→ **REQUIRED ACTION**: Could you set down only the lines from the one including "Mercedes-Benz C-Class — миниатюра 11" to the end of the records below, inclusive and exact, leaving pictures out?

→ **RECORD SET**:
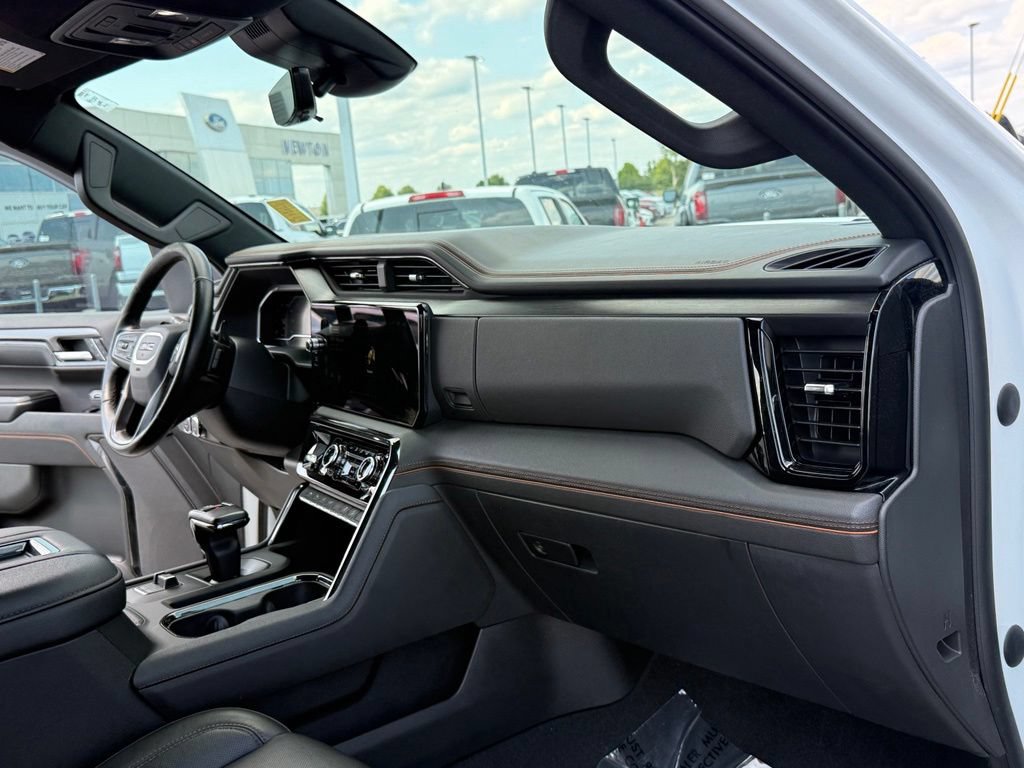 Used 2022 GMC Sierra 1500 AT4 w/ AT4 Premium Package AWD/4WD image 18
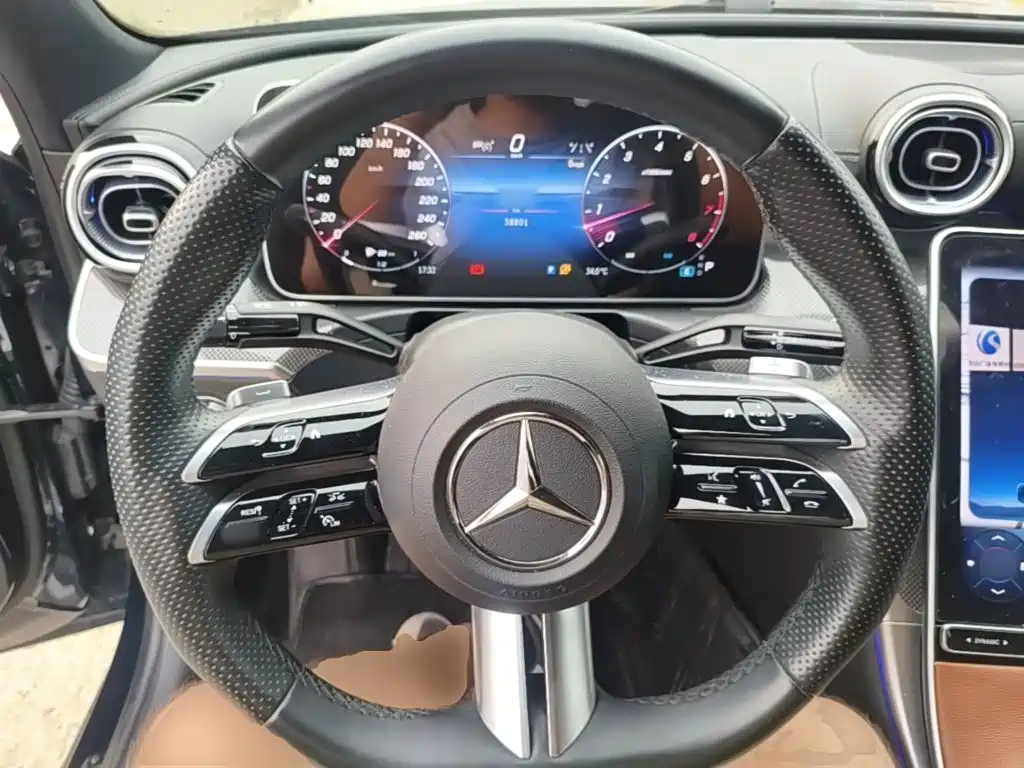 Mercedes-Benz C-Class — миниатюра 11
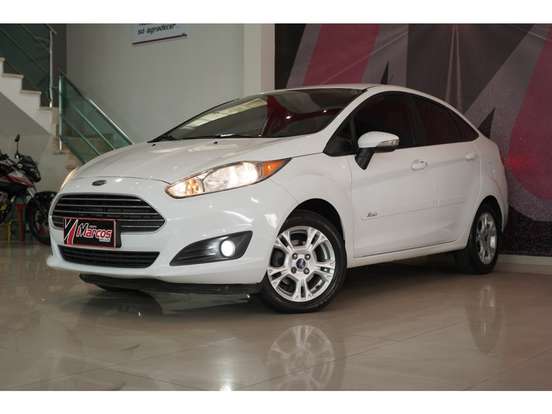 FORD-FIESTA-2015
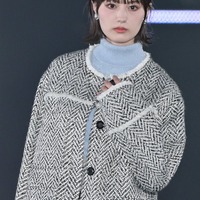 鶴嶋乃愛、セットアップで美脚チラリ しっかりメイクで大人っぽい雰囲気に<GirlsAward 2023 A/W> 画像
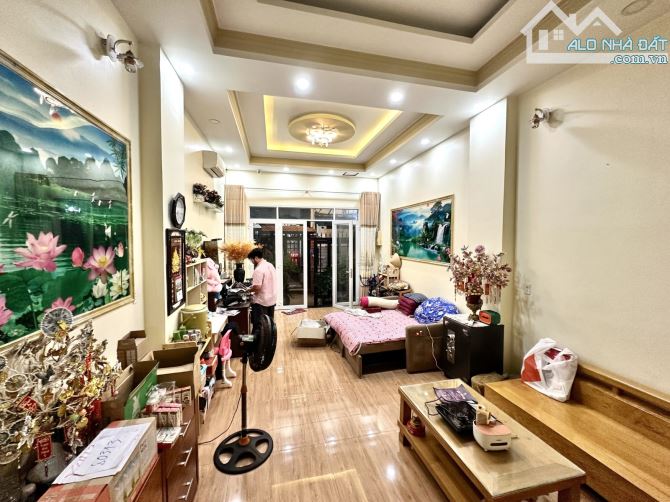 Gần Mặt Tiền, Hẻm Xe Hơi, 74m2, Ngang 4.3m, 4 Tầng, Nguyễn Xí, Phường 13, Bình Thạnh.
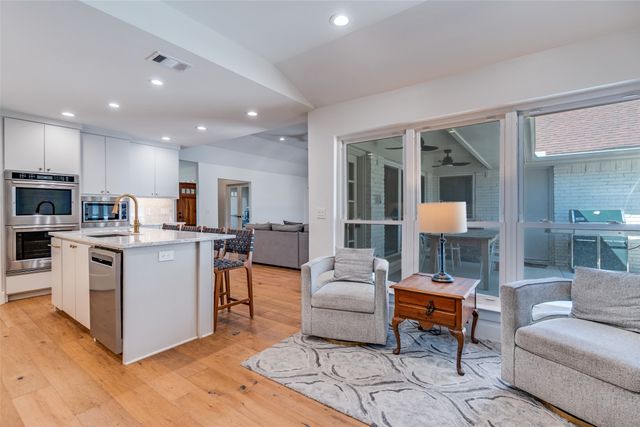 16310 Arbor Downs Drive, Dallas, TX 75248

→ **RESULT OF THIS TASK**:
 Mercedes-Benz C-Class — миниатюра 11
 FORD-FIESTA-2015
 鶴嶋乃愛、セットアップで美脚チラリ しっかりメイクで大人っぽい雰囲気に<GirlsAward 2023 A/W> 画像
 Gần Mặt Tiền, Hẻm Xe Hơi, 74m2, Ngang 4.3m, 4 Tầng, Nguyễn Xí, Phường 13, Bình Thạnh.
 16310 Arbor Downs Drive, Dallas, TX 75248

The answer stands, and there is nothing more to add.